# [The problem]
Print the records below exactly, from the line containing "Snail on the nature in the evening. macro Snail" down to the line containing "曾庆福王守虎草书个性签名怎么写", both lines included, and omit every picture.

# [Source records]
◆ ◆ ◆ ◆ ◆
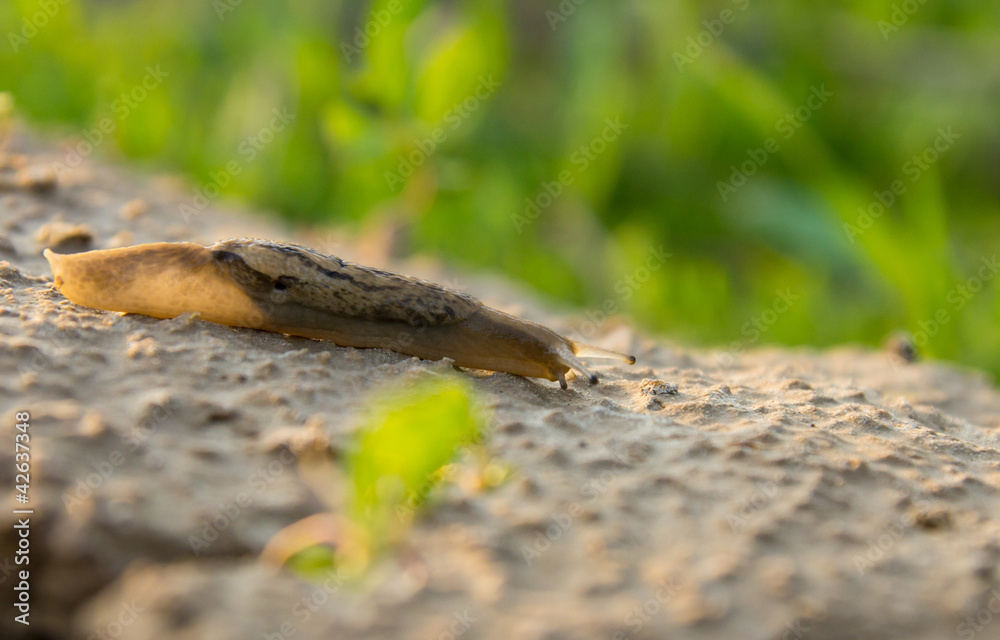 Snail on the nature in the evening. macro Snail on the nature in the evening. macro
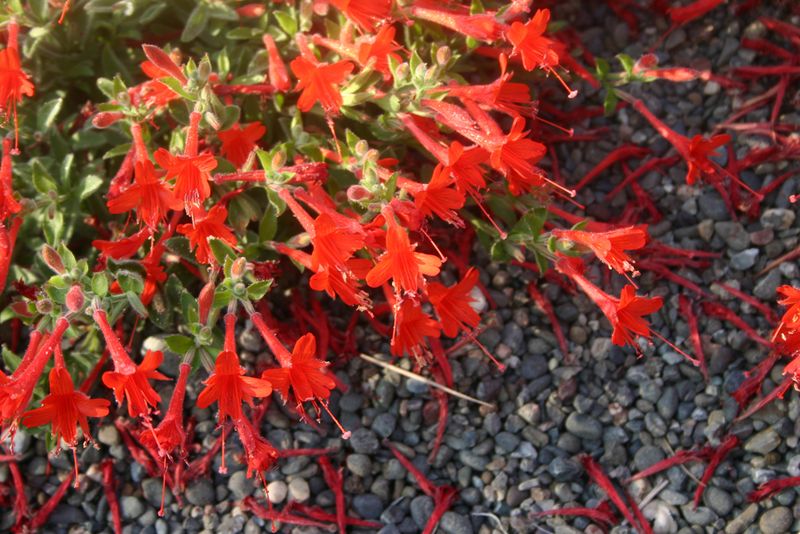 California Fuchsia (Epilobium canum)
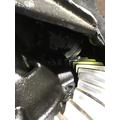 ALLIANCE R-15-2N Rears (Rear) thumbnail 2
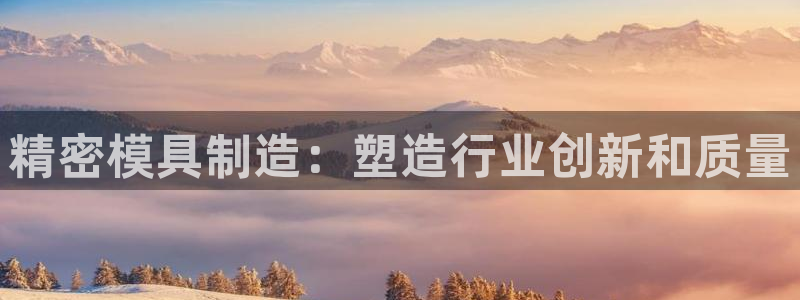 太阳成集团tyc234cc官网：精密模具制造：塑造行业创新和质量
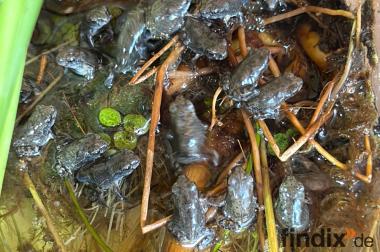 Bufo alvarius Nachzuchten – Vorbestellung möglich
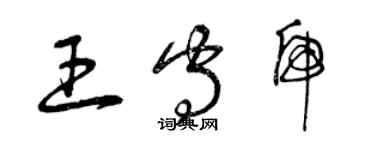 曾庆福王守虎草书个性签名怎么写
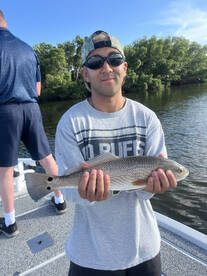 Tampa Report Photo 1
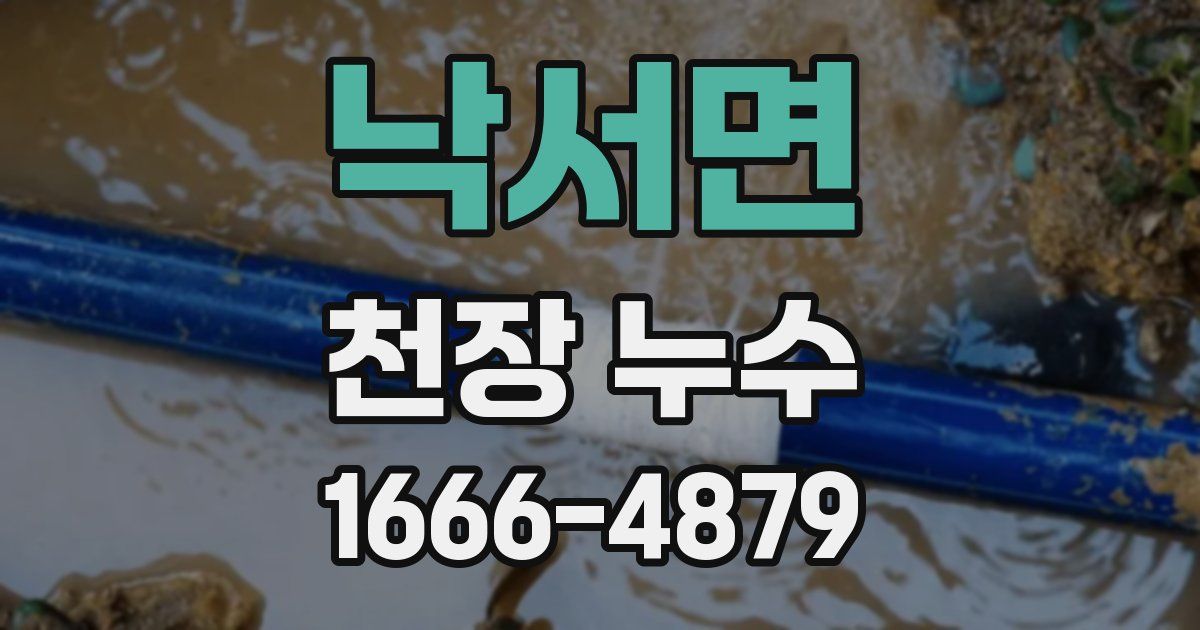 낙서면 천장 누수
◆ ◆ ◆ ◆ ◆
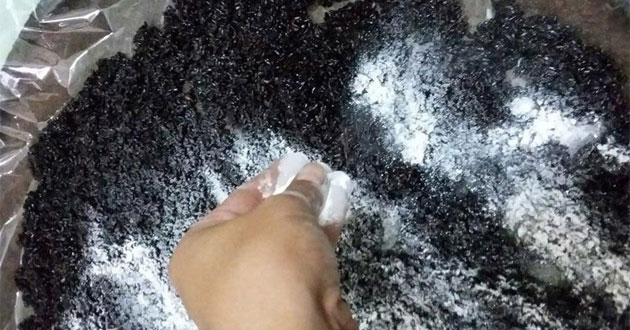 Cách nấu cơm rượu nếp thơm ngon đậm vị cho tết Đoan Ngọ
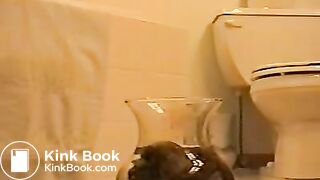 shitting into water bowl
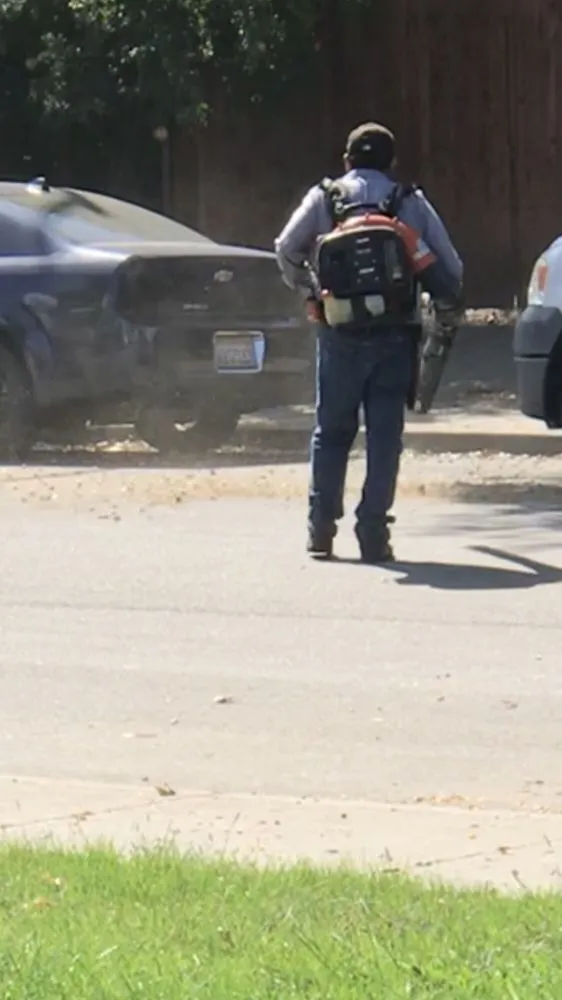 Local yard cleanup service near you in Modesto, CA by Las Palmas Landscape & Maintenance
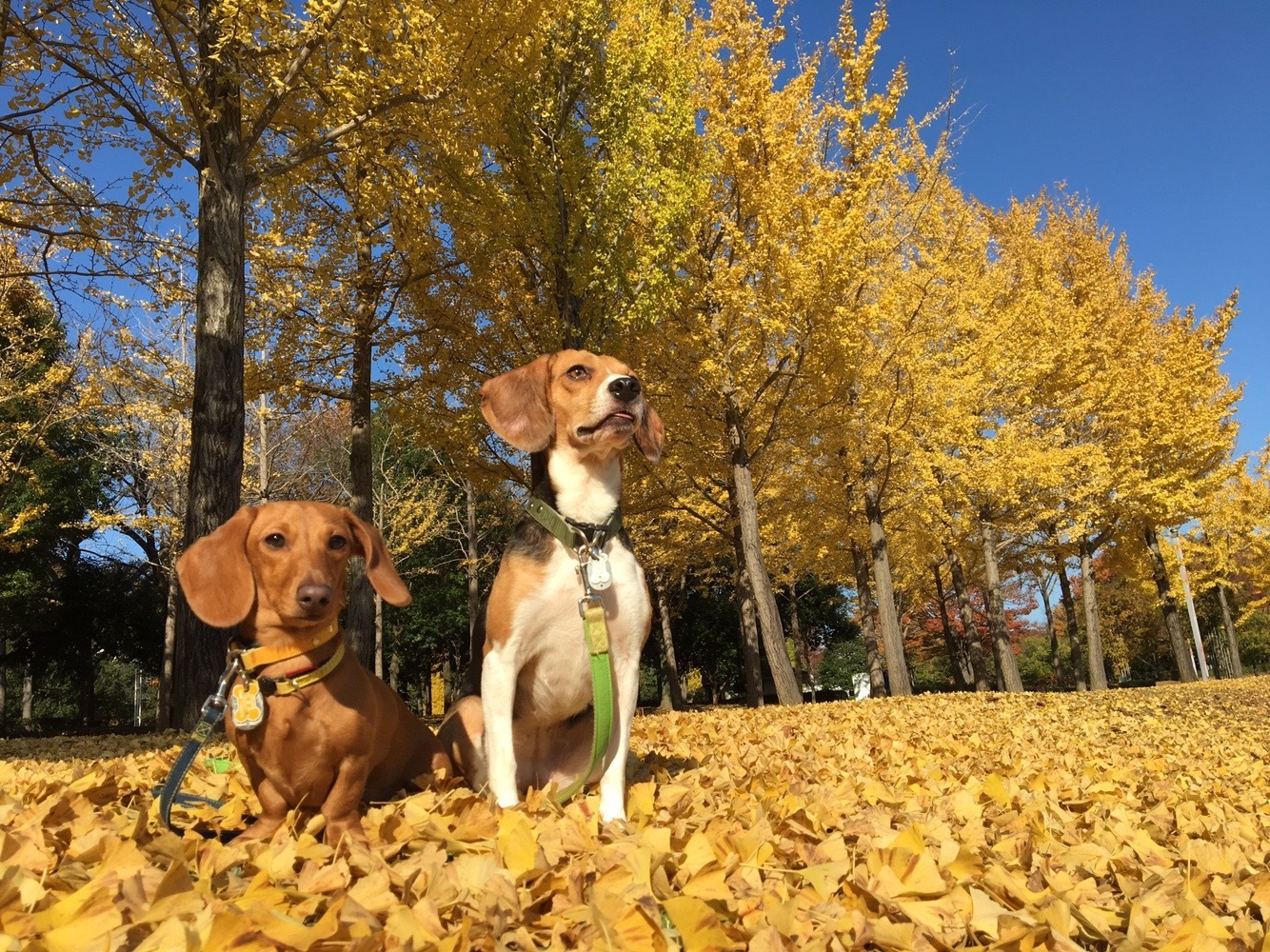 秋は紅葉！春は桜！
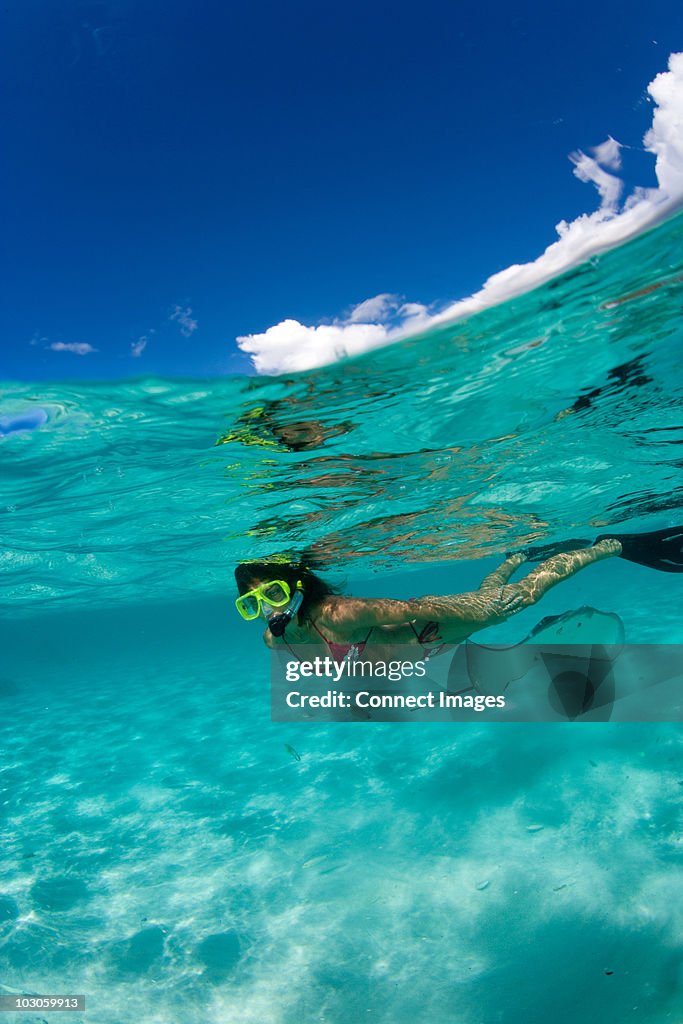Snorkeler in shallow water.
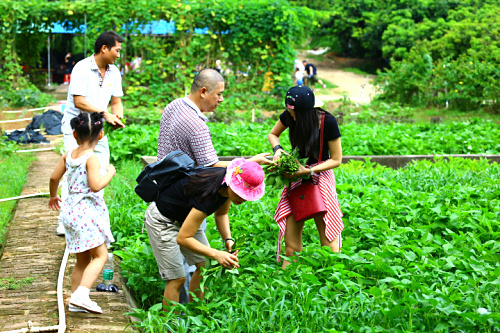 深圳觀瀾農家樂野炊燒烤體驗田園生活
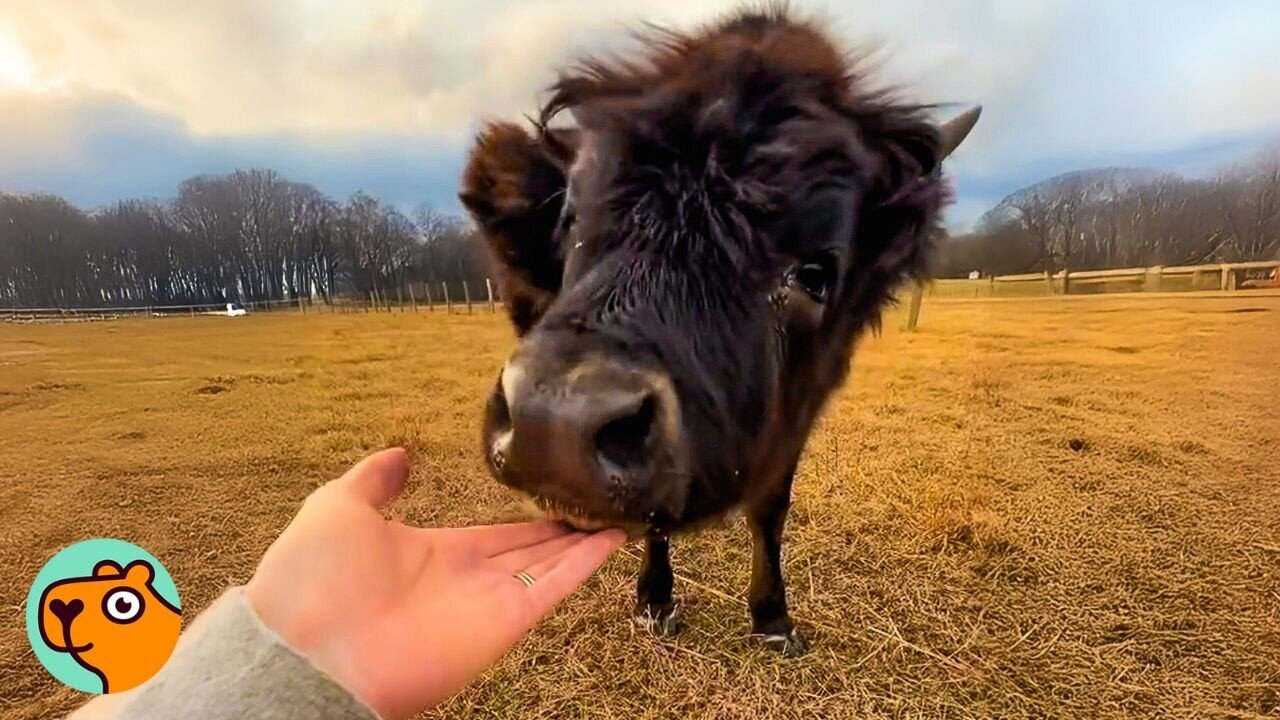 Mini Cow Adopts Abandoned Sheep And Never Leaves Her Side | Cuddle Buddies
◆ ◆ ◆ ◆ ◆
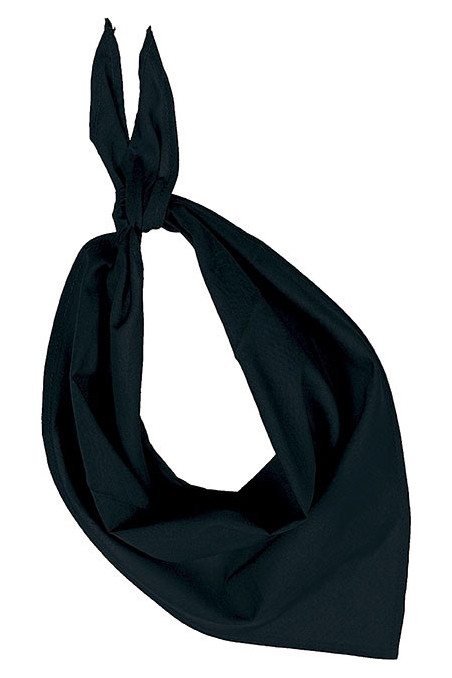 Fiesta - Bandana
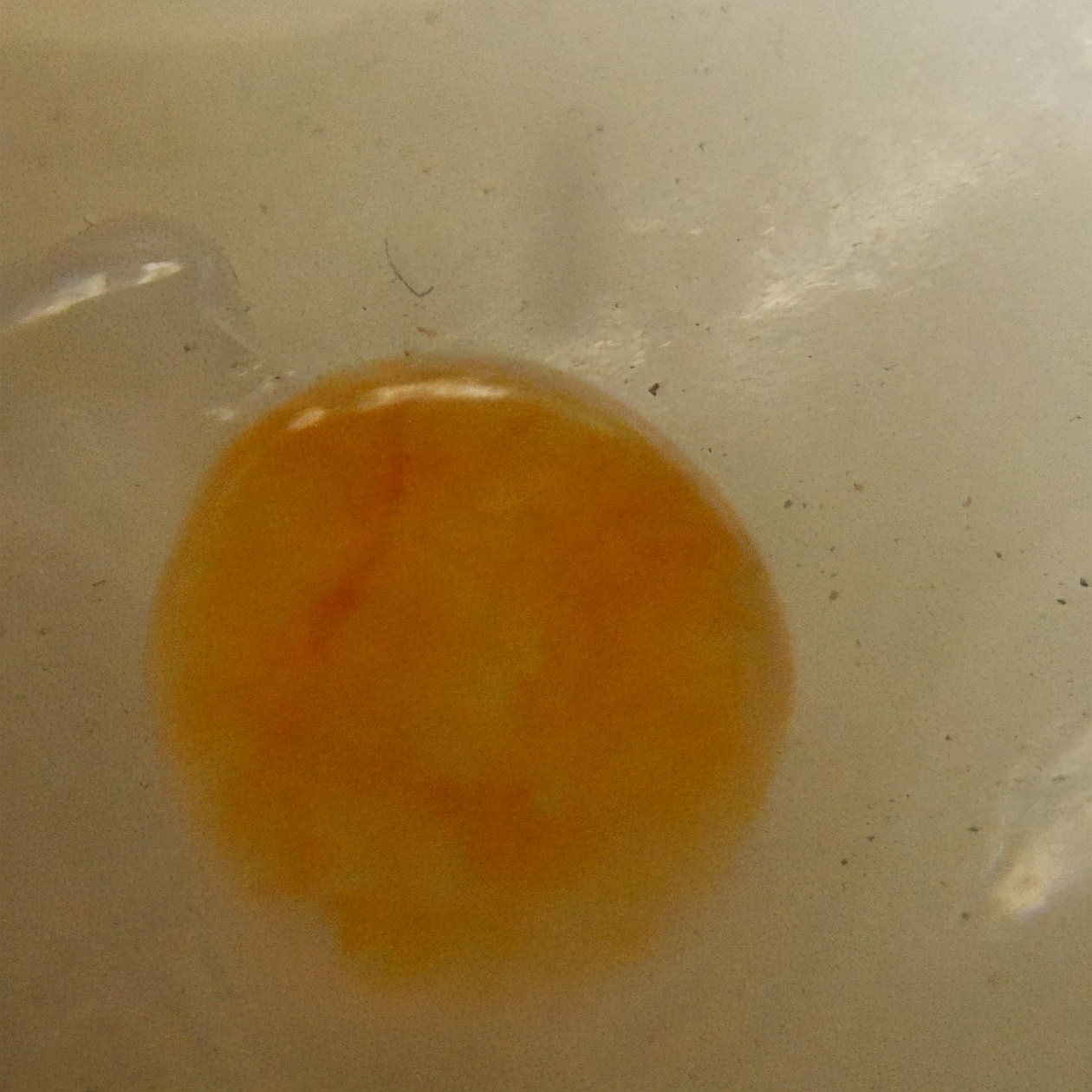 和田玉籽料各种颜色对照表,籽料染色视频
◆ ◆ ◆ ◆ ◆
# [Answer to the exercise]
 Snail on the nature in the evening. macro Snail on the nature in the evening. macro
 California Fuchsia (Epilobium canum)
 ALLIANCE R-15-2N Rears (Rear) thumbnail 2
 太阳成集团tyc234cc官网：精密模具制造：塑造行业创新和质量
 Bufo alvarius Nachzuchten – Vorbestellung möglich
 曾庆福王守虎草书个性签名怎么写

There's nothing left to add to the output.